Living in denial, I kept telling myself that my second book would get sold someday and then I could just hand the credit card companies a wad of cash and make them happy. But by the sixth month of non-payment my credit rating was completely shot. I had letters coming to the apartment telling me to just cut up my cards now, because I wasn't going to be able to use them anyway. I felt like the dad in Say Anything. Even with some new developments on the book front, signing any deal is still months and months away. I’d be in an orange jumpsuit trading stock tips with Bowski by then. With a mountain of debt, no way to pay it, and an obliterated credit rating, there really was no other alternative but to declare bankruptcy.

The problem with bankruptcy is that it’s a double-edged sword, at least from my perspective. I’ve never been all that fond of government assistance. You could probably trace it back to the welfare kids in my elementary school having all the better Transformers than me. I mean, come on, my friend Adam from the projects has Omega Supreme, Ultra Magnus, and Tripticon, while I’m stuck pushing around Bumblebee? I don’t even like Volkswagens!

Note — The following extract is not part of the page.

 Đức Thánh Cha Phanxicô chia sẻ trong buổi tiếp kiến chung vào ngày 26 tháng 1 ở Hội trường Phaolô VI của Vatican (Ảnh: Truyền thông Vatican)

Back to the point. Bankruptcy is a like a huge weight being lifted off my shoulders. With the exception of a couple of stupid gifts along the way, the majority of my credit was used up on practical things like food, clothes, school supplies and moving. Sure, there were a few CDs along the way, but for the most part I live a pretty frugal life. The food was a lot of cheap takeout and generic cereal, not prime rib. Clothes came from H&M or Target, not quite high fashion. To the dismay of several of my teachers, I always opted for the least expensive paints and brushes I could find. And moving was a matter of life or death. So it’s not like I’ve been out living the high life all these years. But, just like they warn you, credit cards are a slippery slope. Eventually my minimum monthly payments got so large that all my cash went to covering them, forcing me to put more on the cards if I wanted to do something as simple as see a damn movie. For the last three years I’ve been the brokest person I know. And the only solution, the inevitable solution, was bankruptcy.

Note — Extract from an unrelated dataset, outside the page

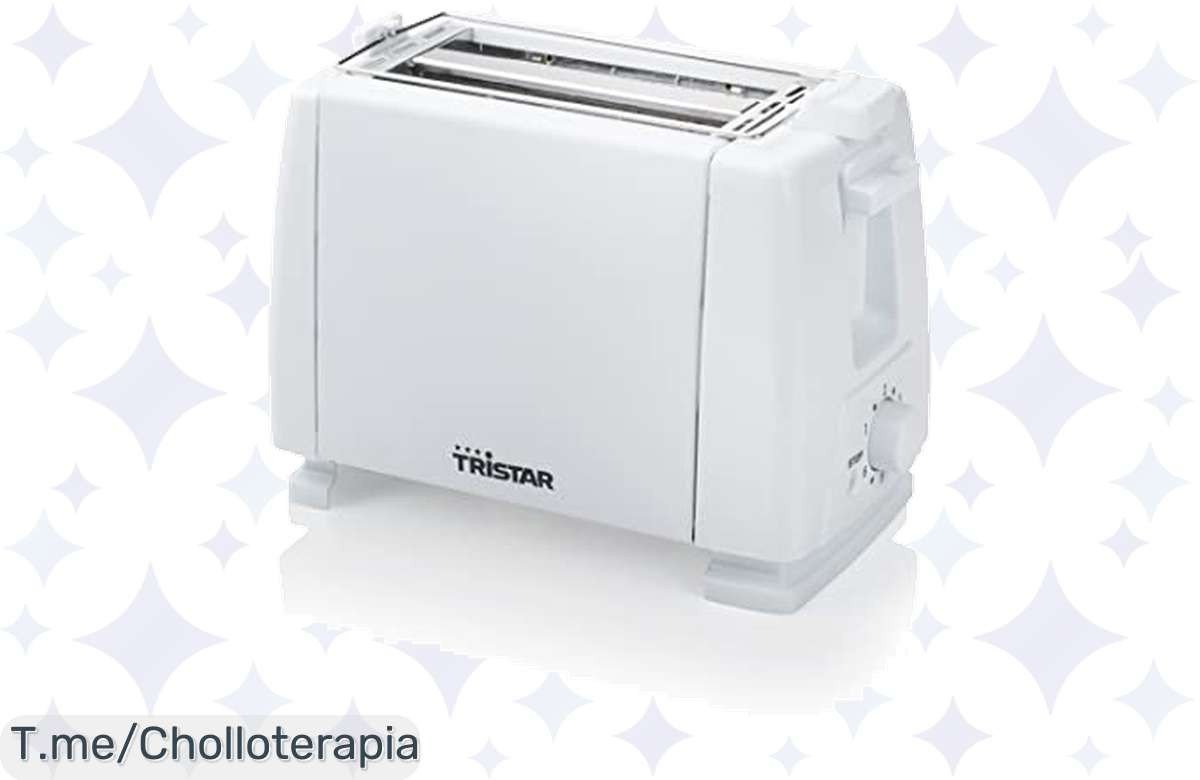 Descubre el tostador Tristar, un chollazo nunca visto para tus aventuras de camping: 6 niveles y parada rápida. ¡Llévatelo ahora antes que se agoten!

At the same time, bankruptcy is admitting defeat. It’s asking for a hand out. As someone who values his independence, I’m really uncomfortable with admitting that the problem has gotten out of control, that I’m powerless to fix it of my own accord. But it has. And it’s not like I’m not the first person to have to do this. Doesn’t mean I don’t feel like a loser for passing my debt off to the government. It makes me no better than the welfare mom that bought her kid Omega Supreme. Still, I just heard about Bush’s new tax cut plan, and it makes me not feel so bad about sticking it to the government just this once. I always did think Tripticon was kind of cool.

From The Monkey House
a/k/a Simon
Tabula Rasa, baby



The Random:So there's a chance that next week's column might be my last. If I get evicted I'll have more pressing matters than to post my weekly diatribe.
Okay, stop applauding. It's just sounds odd when there's only five of you left reading this, four of you are applauding my demise, and one of those four is Watts. Judas.